Output the full listing exactly, character for character.

☆ ☆ ☆ ☆ ☆

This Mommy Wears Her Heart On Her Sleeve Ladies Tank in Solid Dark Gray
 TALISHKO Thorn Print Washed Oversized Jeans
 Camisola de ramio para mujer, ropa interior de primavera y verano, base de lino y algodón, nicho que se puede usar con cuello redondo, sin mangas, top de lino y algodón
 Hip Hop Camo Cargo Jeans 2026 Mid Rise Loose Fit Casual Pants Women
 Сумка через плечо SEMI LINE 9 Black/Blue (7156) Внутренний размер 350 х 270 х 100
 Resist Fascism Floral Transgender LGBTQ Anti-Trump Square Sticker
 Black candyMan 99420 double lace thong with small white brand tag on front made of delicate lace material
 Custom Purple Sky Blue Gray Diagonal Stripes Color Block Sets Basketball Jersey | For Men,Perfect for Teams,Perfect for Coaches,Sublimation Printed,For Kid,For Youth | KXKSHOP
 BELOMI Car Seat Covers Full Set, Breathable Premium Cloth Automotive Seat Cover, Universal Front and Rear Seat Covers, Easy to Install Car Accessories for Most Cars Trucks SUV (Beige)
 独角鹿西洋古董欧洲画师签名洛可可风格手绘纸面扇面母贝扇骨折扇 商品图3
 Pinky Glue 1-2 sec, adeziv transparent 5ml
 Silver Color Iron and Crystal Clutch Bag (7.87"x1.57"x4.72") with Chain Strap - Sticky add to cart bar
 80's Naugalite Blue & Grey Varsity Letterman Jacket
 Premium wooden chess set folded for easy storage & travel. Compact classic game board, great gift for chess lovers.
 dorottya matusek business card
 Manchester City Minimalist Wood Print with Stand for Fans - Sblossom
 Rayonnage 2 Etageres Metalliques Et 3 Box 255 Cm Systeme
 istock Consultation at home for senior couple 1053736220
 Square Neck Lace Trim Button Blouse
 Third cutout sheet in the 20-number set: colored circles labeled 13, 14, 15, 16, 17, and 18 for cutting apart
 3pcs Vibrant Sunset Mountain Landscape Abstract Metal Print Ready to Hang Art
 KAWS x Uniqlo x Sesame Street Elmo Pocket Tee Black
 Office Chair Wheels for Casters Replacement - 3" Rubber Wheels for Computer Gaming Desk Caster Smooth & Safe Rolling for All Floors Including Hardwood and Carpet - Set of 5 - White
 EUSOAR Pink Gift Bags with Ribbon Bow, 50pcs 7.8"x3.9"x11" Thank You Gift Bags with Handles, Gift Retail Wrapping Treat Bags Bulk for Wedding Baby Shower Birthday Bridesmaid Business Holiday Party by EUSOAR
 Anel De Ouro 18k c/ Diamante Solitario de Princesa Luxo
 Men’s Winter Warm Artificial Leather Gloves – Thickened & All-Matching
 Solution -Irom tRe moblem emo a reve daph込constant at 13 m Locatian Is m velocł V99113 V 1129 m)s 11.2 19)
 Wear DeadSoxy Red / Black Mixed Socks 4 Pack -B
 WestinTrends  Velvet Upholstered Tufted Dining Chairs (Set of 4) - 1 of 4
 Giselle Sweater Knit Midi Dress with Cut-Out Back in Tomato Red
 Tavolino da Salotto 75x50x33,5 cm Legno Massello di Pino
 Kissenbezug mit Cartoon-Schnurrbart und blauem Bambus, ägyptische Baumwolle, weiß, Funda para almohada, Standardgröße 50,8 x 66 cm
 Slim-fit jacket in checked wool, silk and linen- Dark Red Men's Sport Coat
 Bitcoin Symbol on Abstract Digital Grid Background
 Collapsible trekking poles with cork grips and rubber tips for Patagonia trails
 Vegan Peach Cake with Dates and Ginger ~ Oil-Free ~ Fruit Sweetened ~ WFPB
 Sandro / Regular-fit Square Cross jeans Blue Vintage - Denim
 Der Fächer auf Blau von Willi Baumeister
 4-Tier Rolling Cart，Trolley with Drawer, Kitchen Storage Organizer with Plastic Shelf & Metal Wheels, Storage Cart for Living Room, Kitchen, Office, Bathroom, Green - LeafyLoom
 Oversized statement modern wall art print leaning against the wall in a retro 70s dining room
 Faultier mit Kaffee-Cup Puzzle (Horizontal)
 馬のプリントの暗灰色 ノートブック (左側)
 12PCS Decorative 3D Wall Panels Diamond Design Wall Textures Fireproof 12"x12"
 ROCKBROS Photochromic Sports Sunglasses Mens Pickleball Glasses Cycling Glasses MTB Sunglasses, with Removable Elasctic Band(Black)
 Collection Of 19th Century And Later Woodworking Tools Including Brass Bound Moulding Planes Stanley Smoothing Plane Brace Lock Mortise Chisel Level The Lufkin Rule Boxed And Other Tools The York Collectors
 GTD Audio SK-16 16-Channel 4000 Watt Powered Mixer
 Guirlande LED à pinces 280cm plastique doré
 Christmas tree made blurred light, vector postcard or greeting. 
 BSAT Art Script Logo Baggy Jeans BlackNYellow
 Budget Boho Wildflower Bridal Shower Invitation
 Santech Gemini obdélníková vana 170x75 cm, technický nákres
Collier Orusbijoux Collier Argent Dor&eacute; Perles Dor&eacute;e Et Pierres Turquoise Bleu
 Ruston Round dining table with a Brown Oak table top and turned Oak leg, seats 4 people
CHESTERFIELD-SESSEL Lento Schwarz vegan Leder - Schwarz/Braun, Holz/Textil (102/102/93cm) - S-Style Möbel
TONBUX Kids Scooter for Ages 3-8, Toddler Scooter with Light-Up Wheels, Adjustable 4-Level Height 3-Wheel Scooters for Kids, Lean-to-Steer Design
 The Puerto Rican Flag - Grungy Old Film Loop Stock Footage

☆ ☆ ☆ ☆ ☆

▶ _Solution_
This Mommy Wears Her Heart On Her Sleeve Ladies Tank in Solid Dark Gray
 TALISHKO Thorn Print Washed Oversized Jeans
 Camisola de ramio para mujer, ropa interior de primavera y verano, base de lino y algodón, nicho que se puede usar con cuello redondo, sin mangas, top de lino y algodón
 Hip Hop Camo Cargo Jeans 2026 Mid Rise Loose Fit Casual Pants Women
 Сумка через плечо SEMI LINE 9 Black/Blue (7156) Внутренний размер 350 х 270 х 100
 Resist Fascism Floral Transgender LGBTQ Anti-Trump Square Sticker
 Black candyMan 99420 double lace thong with small white brand tag on front made of delicate lace material
 Custom Purple Sky Blue Gray Diagonal Stripes Color Block Sets Basketball Jersey | For Men,Perfect for Teams,Perfect for Coaches,Sublimation Printed,For Kid,For Youth | KXKSHOP
 BELOMI Car Seat Covers Full Set, Breathable Premium Cloth Automotive Seat Cover, Universal Front and Rear Seat Covers, Easy to Install Car Accessories for Most Cars Trucks SUV (Beige)
 独角鹿西洋古董欧洲画师签名洛可可风格手绘纸面扇面母贝扇骨折扇 商品图3
 Pinky Glue 1-2 sec, adeziv transparent 5ml
 Silver Color Iron and Crystal Clutch Bag (7.87"x1.57"x4.72") with Chain Strap - Sticky add to cart bar
 80's Naugalite Blue & Grey Varsity Letterman Jacket
 Premium wooden chess set folded for easy storage & travel. Compact classic game board, great gift for chess lovers.
 dorottya matusek business card
 Manchester City Minimalist Wood Print with Stand for Fans - Sblossom
 Rayonnage 2 Etageres Metalliques Et 3 Box 255 Cm Systeme
 istock Consultation at home for senior couple 1053736220
 Square Neck Lace Trim Button Blouse
 Third cutout sheet in the 20-number set: colored circles labeled 13, 14, 15, 16, 17, and 18 for cutting apart
 3pcs Vibrant Sunset Mountain Landscape Abstract Metal Print Ready to Hang Art
 KAWS x Uniqlo x Sesame Street Elmo Pocket Tee Black
 Office Chair Wheels for Casters Replacement - 3" Rubber Wheels for Computer Gaming Desk Caster Smooth & Safe Rolling for All Floors Including Hardwood and Carpet - Set of 5 - White
 EUSOAR Pink Gift Bags with Ribbon Bow, 50pcs 7.8"x3.9"x11" Thank You Gift Bags with Handles, Gift Retail Wrapping Treat Bags Bulk for Wedding Baby Shower Birthday Bridesmaid Business Holiday Party by EUSOAR
 Anel De Ouro 18k c/ Diamante Solitario de Princesa Luxo
 Men’s Winter Warm Artificial Leather Gloves – Thickened & All-Matching
 Solution -Irom tRe moblem emo a reve daph込constant at 13 m Locatian Is m velocł V99113 V 1129 m)s 11.2 19)
 Wear DeadSoxy Red / Black Mixed Socks 4 Pack -B
 WestinTrends  Velvet Upholstered Tufted Dining Chairs (Set of 4) - 1 of 4
 Giselle Sweater Knit Midi Dress with Cut-Out Back in Tomato Red
 Tavolino da Salotto 75x50x33,5 cm Legno Massello di Pino
 Kissenbezug mit Cartoon-Schnurrbart und blauem Bambus, ägyptische Baumwolle, weiß, Funda para almohada, Standardgröße 50,8 x 66 cm
 Slim-fit jacket in checked wool, silk and linen- Dark Red Men's Sport Coat
 Bitcoin Symbol on Abstract Digital Grid Background
 Collapsible trekking poles with cork grips and rubber tips for Patagonia trails
 Vegan Peach Cake with Dates and Ginger ~ Oil-Free ~ Fruit Sweetened ~ WFPB
 Sandro / Regular-fit Square Cross jeans Blue Vintage - Denim
 Der Fächer auf Blau von Willi Baumeister
 4-Tier Rolling Cart，Trolley with Drawer, Kitchen Storage Organizer with Plastic Shelf & Metal Wheels, Storage Cart for Living Room, Kitchen, Office, Bathroom, Green - LeafyLoom
 Oversized statement modern wall art print leaning against the wall in a retro 70s dining room
 Faultier mit Kaffee-Cup Puzzle (Horizontal)
 馬のプリントの暗灰色 ノートブック (左側)
 12PCS Decorative 3D Wall Panels Diamond Design Wall Textures Fireproof 12"x12"
 ROCKBROS Photochromic Sports Sunglasses Mens Pickleball Glasses Cycling Glasses MTB Sunglasses, with Removable Elasctic Band(Black)
 Collection Of 19th Century And Later Woodworking Tools Including Brass Bound Moulding Planes Stanley Smoothing Plane Brace Lock Mortise Chisel Level The Lufkin Rule Boxed And Other Tools The York Collectors
 GTD Audio SK-16 16-Channel 4000 Watt Powered Mixer
 Guirlande LED à pinces 280cm plastique doré
 Christmas tree made blurred light, vector postcard or greeting. 
 BSAT Art Script Logo Baggy Jeans BlackNYellow
 Budget Boho Wildflower Bridal Shower Invitation
 Santech Gemini obdélníková vana 170x75 cm, technický nákres
Collier Orusbijoux Collier Argent Dor&eacute; Perles Dor&eacute;e Et Pierres Turquoise Bleu
 Ruston Round dining table with a Brown Oak table top and turned Oak leg, seats 4 people
CHESTERFIELD-SESSEL Lento Schwarz vegan Leder - Schwarz/Braun, Holz/Textil (102/102/93cm) - S-Style Möbel
TONBUX Kids Scooter for Ages 3-8, Toddler Scooter with Light-Up Wheels, Adjustable 4-Level Height 3-Wheel Scooters for Kids, Lean-to-Steer Design
 The Puerto Rican Flag - Grungy Old Film Loop Stock Footage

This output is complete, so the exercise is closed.